In Figure 14, the four contour curves intersect at a point “p” approximately when the thin-bed thickness is equal to λ/10. While there is no common intersect of the four contour curves for the other thickness cases. Therefore, we estimate the thin-bed thickness is equal to λ/10, which is consistent with the true value (λ/10). R₁ and R₂ are estimated through the coordinates of the intersect point “p”, as R₁ = 0.087 and R₂ = −0.085. The estimated R₁ and R₂ are very close to those of Model 5 (R₁ = 0.085, R₂ = −0.085) respectively. Meanwhile, the estimated P-wave impedance ratios at the top- and bottom-interfaces are 1.190 and 0.843, of which the relative errors are 0.32% and 0.08%, respectively. The good estimated results verify the availability of the estimation approach for thin-bed properties based on the approximate formula.

6. Discussion

Utilizing the parity of trigonometric functions in the exact displacement R/T matrix equations, P- and S-wave R/T coefficients are expressed in form of power series functions of sine incidence angles. Considering the factor that P-wave reflection responses are broadly used at present, we just give the second-order series approximation of thin-bed P-wave reflection coefficients. If necessary, the approximate formula of P-S reflection coefficients can be given through the similar approximate method.

This paper concentrates on the derivation of R_PP’s approximate formula of a single thin bed. When the target thin bed is embedded in a finely layered background, the reflection problems become much more complex. The study shows that interlayer structure and lithologies of finely layered reservoirs can be determined by long-wavelength approximation [37,38,39,40]. Therefore, we will introduce long-wavelength approximation in our further AVA analysis and inversion of finely layered reservoirs.

Thin-bed properties estimation in Section 5 is just an example of the application of the approximate formula for thin-bed properties analysis. In this paper, we give the templates to estimate thin-bed properties based on A₀, A₂ from 120 thin-bed models with R₁ and R₂ between −0.2 and 0.2. Meanwhile, the S-wave velocity and density of those 120 thin-bed models are determined by P-wave velocity through Castagna’s Relationship [41] and Gardner’s Equation [42], respectively. We will develop the database of templates gradually for a wider application in future thin-bed properties analysis.

7. Conclusions

Based on the exact displacement R/T matrix equations of a thin bed, this paper first expands thin-bed R/T coefficients in the form of a power series of sine incidence angles.

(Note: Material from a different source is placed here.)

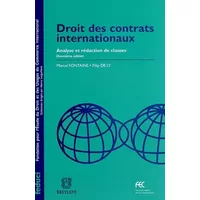 Droit de contrats internationaux: Analyse et rédaction des clauses - Marcel Fontaine, Filip De Ly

P-wave R/T coefficients are even functions of sine incidence angles, while S-wave R/T coefficients are odd functions. Under the small-incidence assumption, P-wave reflection coefficients are simplified into the second-order series approximation of sine incidence angles. Meanwhile, it is worthy to notice that, the approximate formula is also based on the fundamental assumptions of conventional AVO methods, including horizontal interface, incident plane-wave, continuous boundary conditions, etc.

Numerical analysis shows the approximate formula of thin-bed R_PP can reveal the thin-bed true reflections for small incidence exactly. Relative errors are less than 5% for incidence angles smaller than 20 degrees. The approximate formula is derived with no weak impedance contrast hypothesis, so it is valid for thin-bed models with strong impedance contrasts. The proposed approach to estimate thin-bed properties is established by thin-bed models with R₁ and R₂ between −0.2 and 0.2. The templates of amplitude and phase of A₀, A₂ can be utilized to estimate P-wave impedance ratios and thin-bed thickness, which verify the availability of the approximate formula.